Des enquêteurs de l'ONU ont exhorté mardi le gouvernement civil à sortir l'armée birmane de la vie politique au vu de son implication dans "le génocide" à l'encontre des musulmans rohingyas. Les autorités du pays doivent "poursuivre le processus visant au retrait des militaires de la vie politique", en engageant une révision de la Constitution en ce sens, d'après le rapport final de la Mission d'établissement des faits de l'ONU sur la Birmanie.

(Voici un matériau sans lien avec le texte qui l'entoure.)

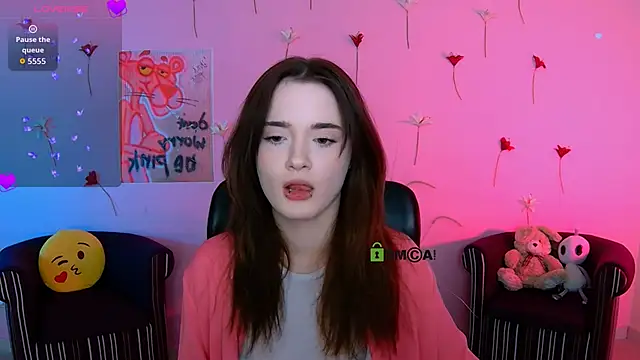 liana kisses online show from 04/27/26, 07:01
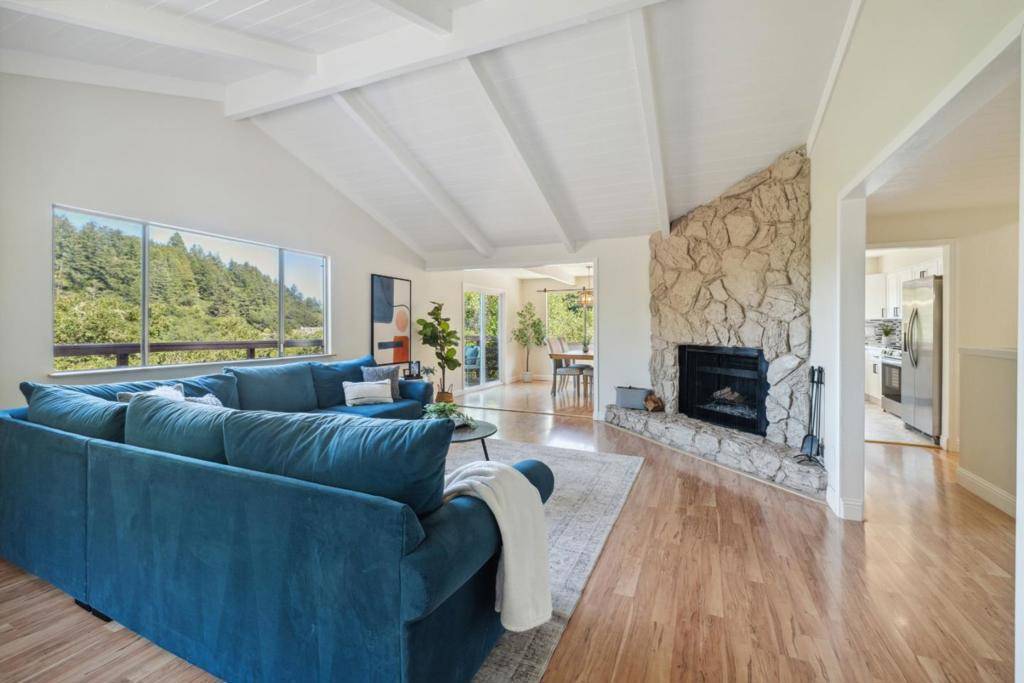 Scotts Valley, CA 95066,121 Blueberry DR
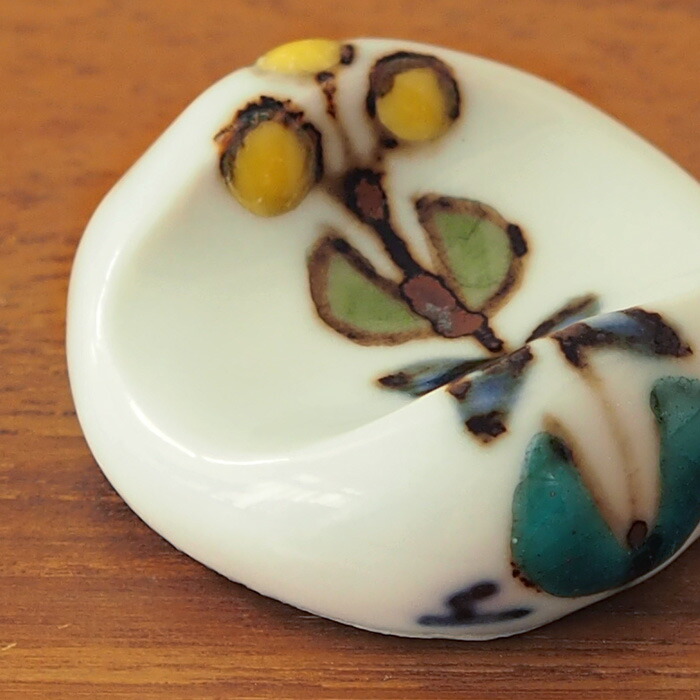 徳永遊心窯　色絵　花繋ぎ　箸置き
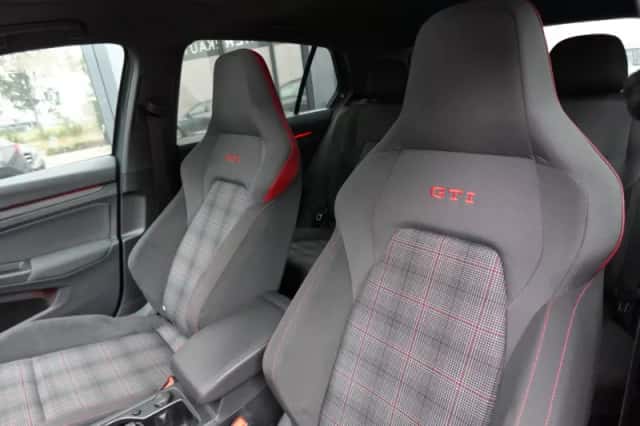 Volkswagen Golf (2021) thumbnail 4
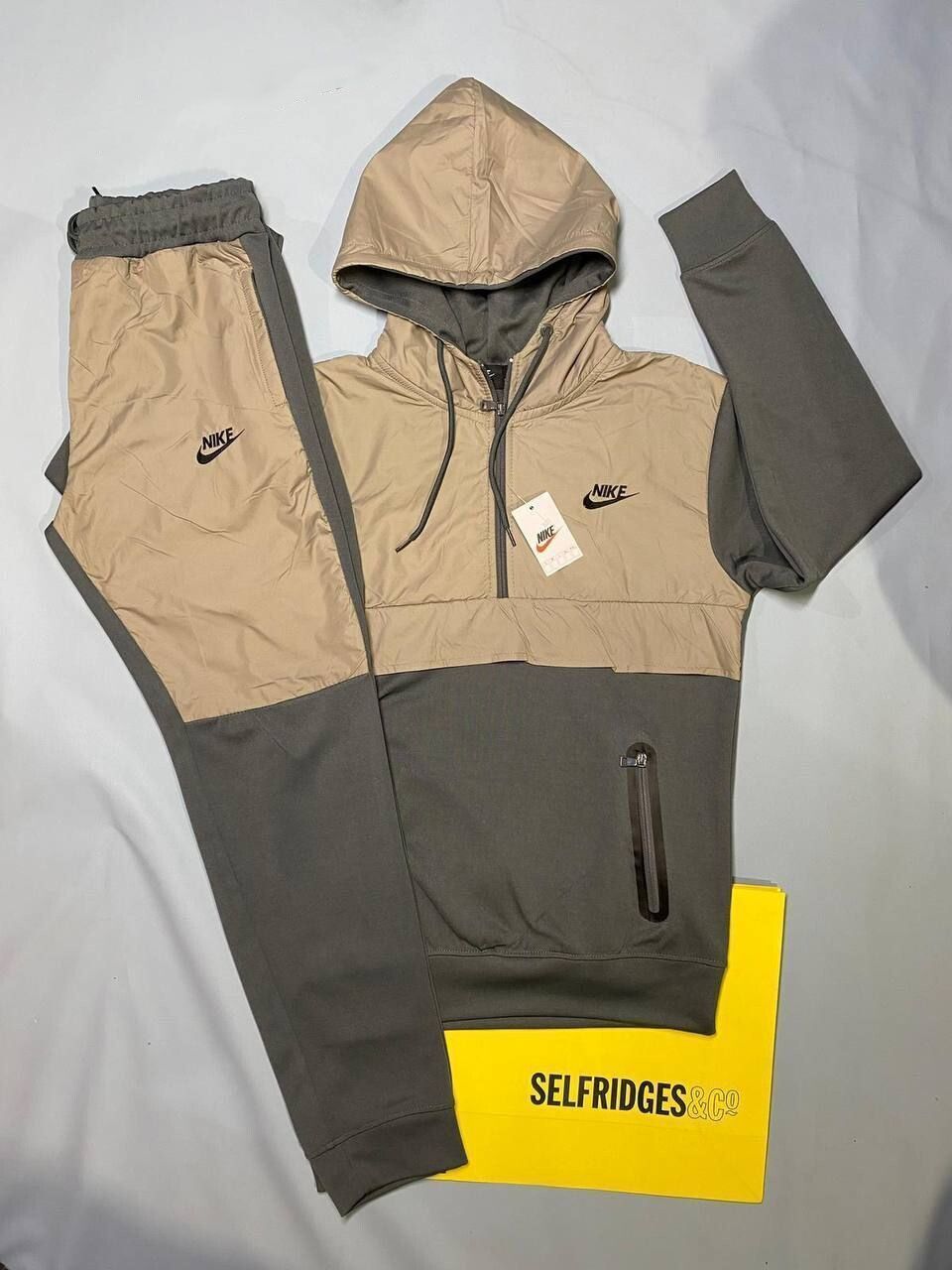 Nike Sportswear Tech Fleece Hoodie & Joggers Tracksuit Set For Men’s, Colors: Beige/Grey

Encore une place centrale pour l'armée. Le gouvernement birman doit "poursuivre le processus visant au retrait des militaires de la vie politique", estime le rapport final des enquêteurs. Malgré l'arrivée au pouvoir en 2016 du gouvernement civil de la Prix Nobel de la Paix Aung San Suu Kyi, l'armée conserve une place centrale dans le régime politique birman. Elle supervise l'attribution d'un quart des sièges au Parlement, ce qui lui permet de bloquer tout amendement constitutionnel qui limiterait ses pouvoirs.
L'ONU demande la poursuite de hauts gradés. Les enquêteurs de l'ONU réclament aussi le limogeage des chefs militaires, demandant, comme ils l'avaient déjà fait dans un rapport d'étape fin août, que le chef de l'armée, Min Aung Hlaing, et cinq autres hauts gradés soient poursuivis pour "génocide", "crimes contre l'humanité" et "crimes de guerre". La mission de l'ONU, qui n'a pas été autorisée à se rendre en Birmanie, a interrogé plus de 850 victimes et témoins et s'est aussi servi d'images satellite.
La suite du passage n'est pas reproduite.